Instruction Register (IR)

Used to hold the instruction currently being executed
Instruction Decoder (ID)
- An instruction temporarily stored in the instruction register can only be identified after its opcode portion is decoded.
- The decoder analyzes and interprets the instruction, generating the corresponding control signals.

Program Counter (PC)

The Program Counter (PC) is used to store the address of the instruction currently being executed or the address of the next instruction to be executed.
If the program executes sequentially, after each instruction execution, the PC value should be incremented by 1, i.e., PC <- PC+1
If the program has a jump: PC <- PC + offset address
Has both register and counting functions

Data Address Register (AR)

Used to hold the address of the memory unit currently being accessed by the CPU. Due to the speed difference between memory and CPU, the address register must be used to hold address information until a read/write operation is completed.

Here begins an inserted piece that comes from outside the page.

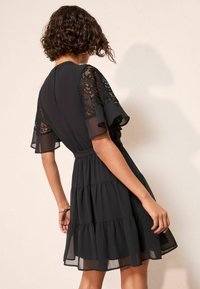 Juoda suknelė su permatomomis trumpomis rankovėmis, puoštomis nėrinių detalėmis, sluoksniuota suknele ir prigludusia liemene. Lygus, lengvas audinys su elegantiška, laisvai krentančia forma.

General-Purpose Registers (R0~R3)

Used for transferring and temporarily storing data
Can also participate in arithmetic and logical operations and store computation results
Accumulator (AC)
- A general-purpose register
- Provides a workspace for the ALU
- Temporarily stores ALU computation results

Program Status Word Register (PSW)

Used to store various condition codes established by arithmetic and logical instruction operations or test results
Such as: carry flag (C), zero flag (Z), stores interrupt and system operating status information, etc.
A register composed of various status condition flags

5.1.4 Operation Controller and Timing Generator

(1) Data Path: The path for transferring information between registers.
(2) Operation Controller: Provides various operation signals for establishing data paths, to correctly select data paths and load relevant data into registers, thereby completing instruction fetching and execution control.
Based on different design methods, can be classified into sequential logic type and stored logic type:
- Hardwired Controller: Implemented using sequential logic techniques
- Microprogrammed Controller: Implemented using stored logic.
(3) Timing Generator: Provides timing and sequence signals for implementing timing control over various operation signals. The CPU also has other functional components such as the interrupt system and bus interface.

5.2 Instruction Cycle

5.2.1 Basic Concepts of Instruction Cycle (Key Topic)

Program Execution Process

The order of program execution in a von Neumann architecture computer:

Start from the program’s first address
Execute each instruction step by step, and form the address of the next instruction to be executed
Automatically execute instructions continuously until the last instruction of the program

Instruction Execution Process

Fetch instruction
- Send the instruction address to the main memory address register
- Read from main memory, send the read content to the designated register
Analyze instruction
Execute the instruction according to its specified content
- Different instructions vary greatly in the number of operation steps and specific operation content
Check for interrupt requests; if none, proceed to the execution of the next instruction

Instruction Cycle

Each time the CPU fetches and executes an instruction, it must complete a series of operations. The time required for this series of operations is usually called an instruction cycle.

Machine Cycle

A machine cycle is also called a CPU cycle. The CPU cycle is usually defined by the minimum time to read an instruction word from memory. The instruction cycle is often expressed in terms of the number of CPU cycles.

Clock Cycle

A CPU cycle contains several clock cycles (usually called beat pulses or T cycles, which are the most basic unit of processing operations). The sum of these clock cycles defines the time width of one CPU cycle.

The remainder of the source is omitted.